◆ **The task**: Your response must be an exact transcription of the lines from the one containing "this 626×417 image." through the final line of the data.

··· Input data ···

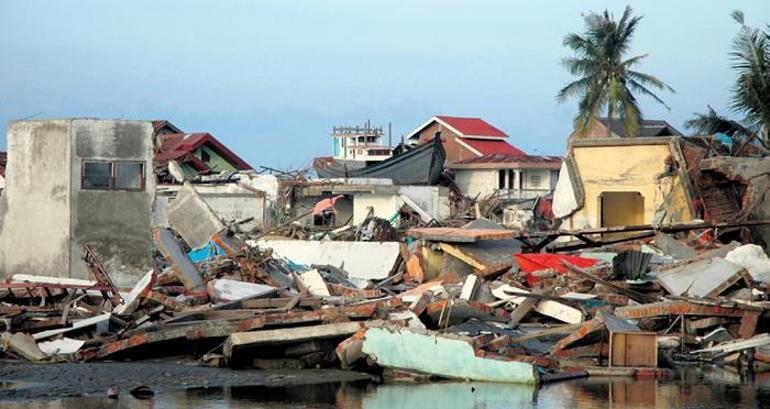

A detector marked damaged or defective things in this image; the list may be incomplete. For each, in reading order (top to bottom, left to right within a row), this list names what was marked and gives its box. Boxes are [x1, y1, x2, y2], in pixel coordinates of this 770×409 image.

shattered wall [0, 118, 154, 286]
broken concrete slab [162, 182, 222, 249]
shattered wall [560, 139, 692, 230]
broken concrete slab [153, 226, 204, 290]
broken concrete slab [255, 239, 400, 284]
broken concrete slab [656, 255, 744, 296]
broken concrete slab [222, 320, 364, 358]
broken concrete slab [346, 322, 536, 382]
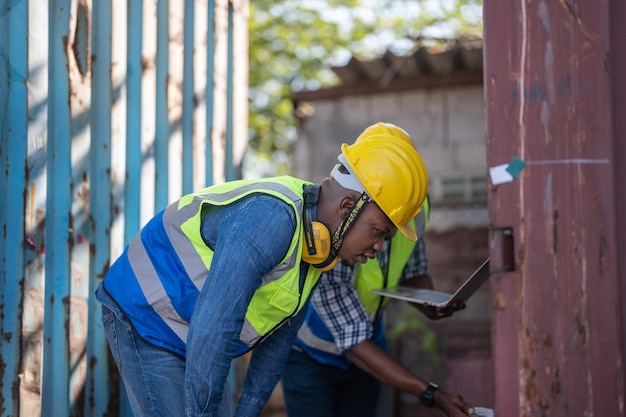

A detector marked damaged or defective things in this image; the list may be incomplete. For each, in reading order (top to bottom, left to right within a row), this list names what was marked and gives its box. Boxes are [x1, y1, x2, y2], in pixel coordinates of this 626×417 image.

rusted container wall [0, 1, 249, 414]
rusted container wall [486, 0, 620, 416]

···

◆ **Written response**:
A detector marked damaged or defective things in this image; the list may be incomplete. For each, in reading order (top to bottom, left to right within a row), this list names what was marked and gives its box. Boxes are [x1, y1, x2, y2], in pixel coordinates of this 626×417 image.

rusted container wall [0, 1, 249, 414]
rusted container wall [486, 0, 620, 416]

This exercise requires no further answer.